All well and said, yet this passage hardly reflects the true feelings of the area toward the draft. Below the feelings of good will and the “save the Union” mentality, there was a sense of direct contempt for the draft which was one of the very measures to save the Union. One can clearly detect a feeling of alienation toward a system which many perceived as being a less than honorable way to conduct a military operation.

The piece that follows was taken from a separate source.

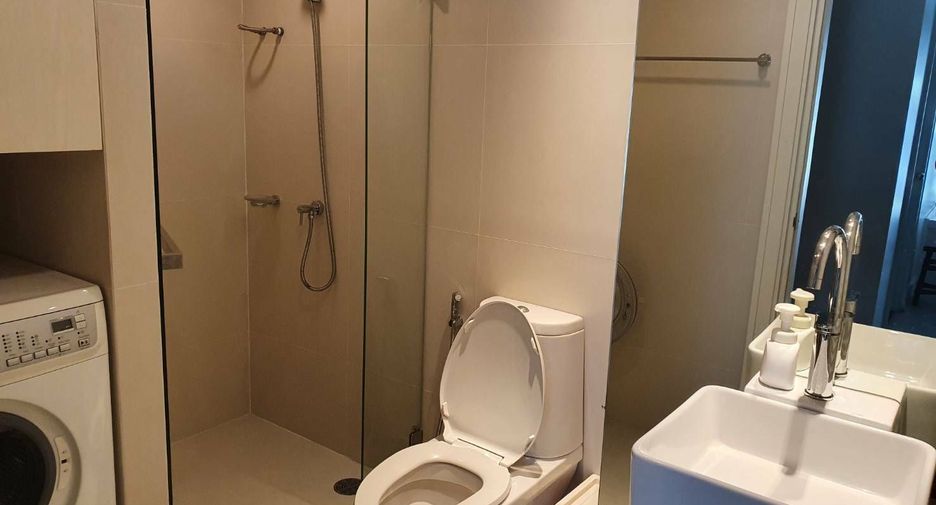 For rent 2 bedrooms condo in Phaya Thai, Bangkok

My original intention for this project was to focus exclusively on the draft and its effects on Plover. As is evident, Stevens Point has been unavoidably drawn into the study for the sole reason that the only surviving newspapers from the Civil War years are from Stevens Point. I believe the integration of the information from both towns work with and complement each other and thus produce a more comprehensive investigation of what really happened in this area during the Civil War years. Through-out my research, I was impressed with both towns’ tenacity in attempting to provide men for the war effort. Likewise, the inability and at times refusal of some people to contribute toward the bounty, and the efforts to frustrate the enlistment of men cannot be ignored. As in most cases there is more than just one side to any issue. I believe it is important to note again that the purpose of the draft was to stimulate volunteerism through the threat of conscription. As a concession to public opinion, Congress did allow numerous avenues of legal evasion. Again, only 50,000 men were drafted during the Civil War. The people of Plover and Stevens Point were well aware of their obligation to the federal government and did all they could to raise the needed bounties and therefore the volunteers to fill their quotas. Yet, beneath all the calls for patriotism and further drafts. There was a deep-seated resentment toward the draft. Then, even more than now, the draft was viewed as dishonorable. I hope that my efforts have helped to illuminate not only the tangible results of the draft on the area (in terms of bounty meetings, volunteers enlisted, and money raised) but more importantly the intangible results found in such areas as feelings and attitudes. Involvement and participation, and the mixed emotions and frustrations that were exhibited. Whereas I did not find any references to draft riots or blatant Protests against the draft, there was definitely an underlying. subliminal if you may, anti-draft message in most of the newspaper articles pertaining to the draft. Indeed, many of our present attitudes and resentments toward the draft can trace their beginnings to the numerous Civil War drafts. Attitudes and convictions are clearly slow to change.